* DATA BELOW
####################
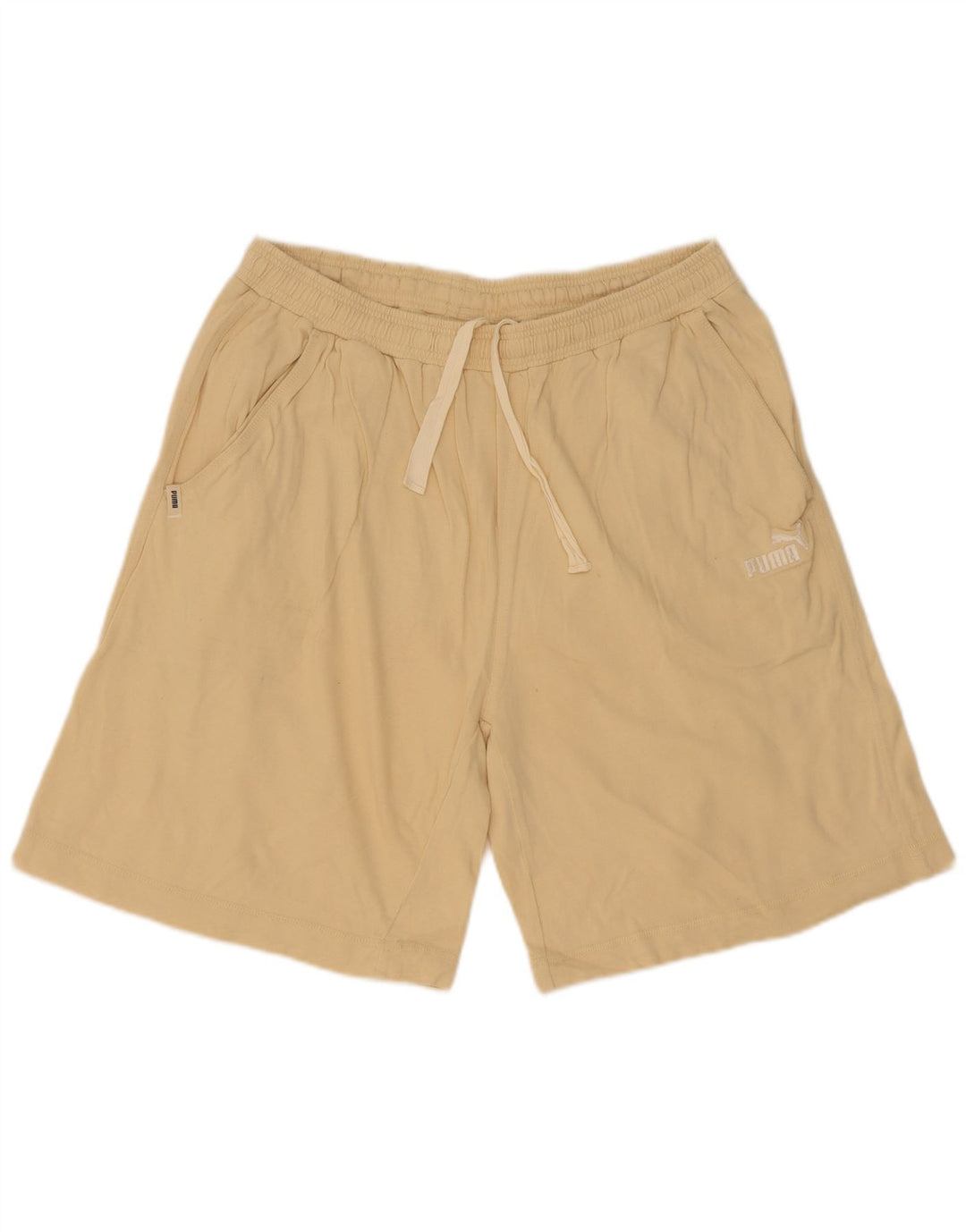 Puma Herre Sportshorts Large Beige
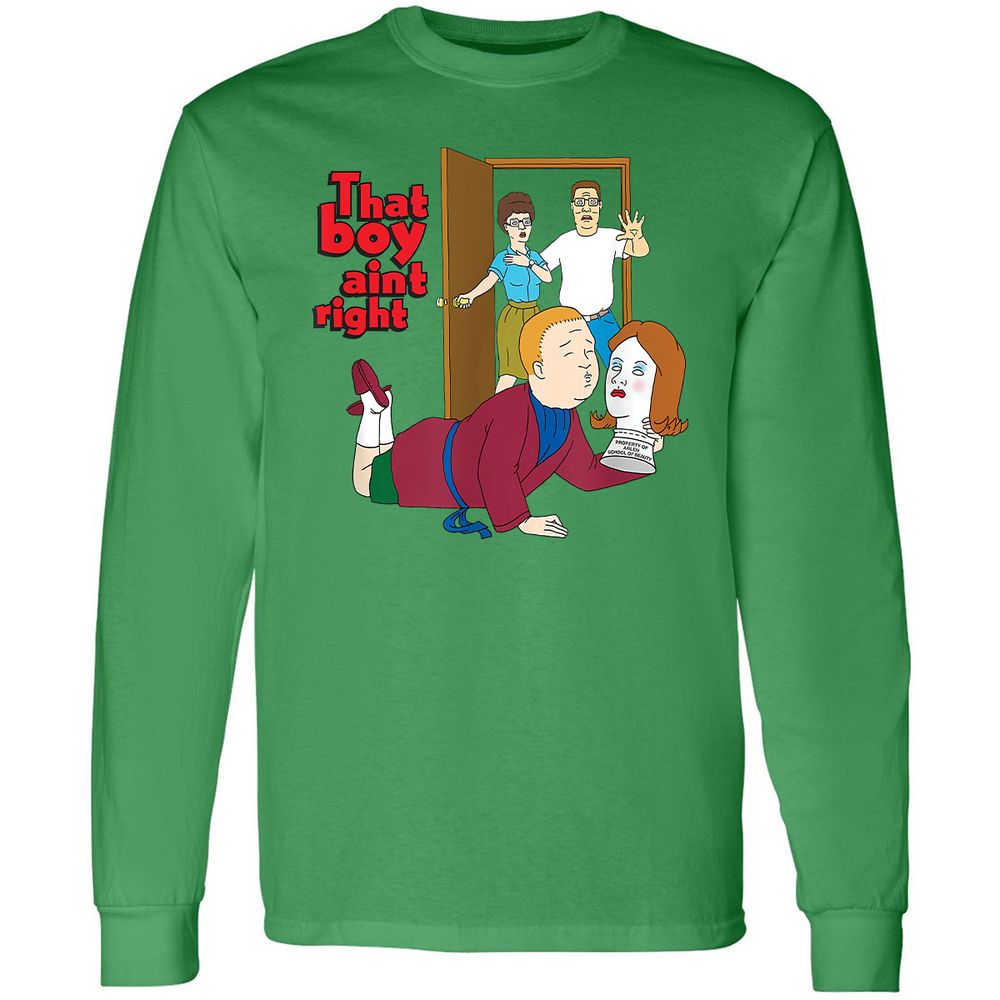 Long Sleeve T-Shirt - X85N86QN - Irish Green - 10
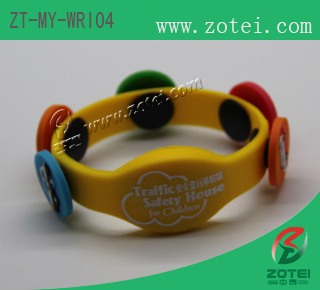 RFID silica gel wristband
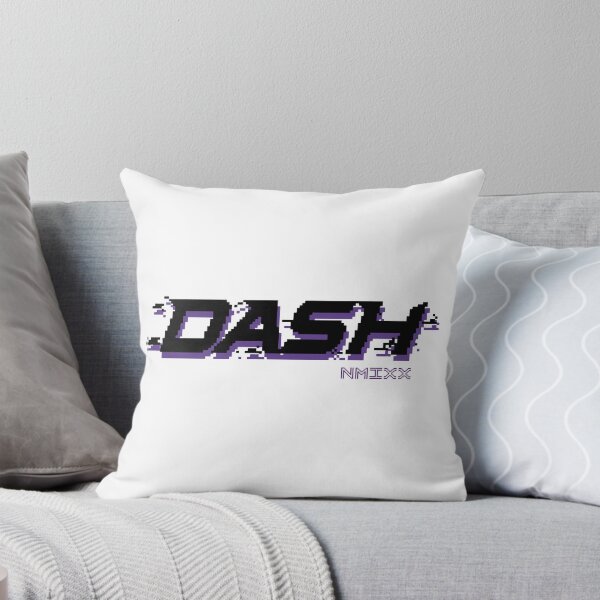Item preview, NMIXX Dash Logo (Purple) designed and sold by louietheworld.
####################
* WORK INSTRUCTION
Give back the material word for word and drop the pictures it holds.

* SOLUTION FOR THIS EXERCISE
 Puma Herre Sportshorts Large Beige
 Long Sleeve T-Shirt - X85N86QN - Irish Green - 10
 RFID silica gel wristband
Item preview, NMIXX Dash Logo (Purple) designed and sold by louietheworld.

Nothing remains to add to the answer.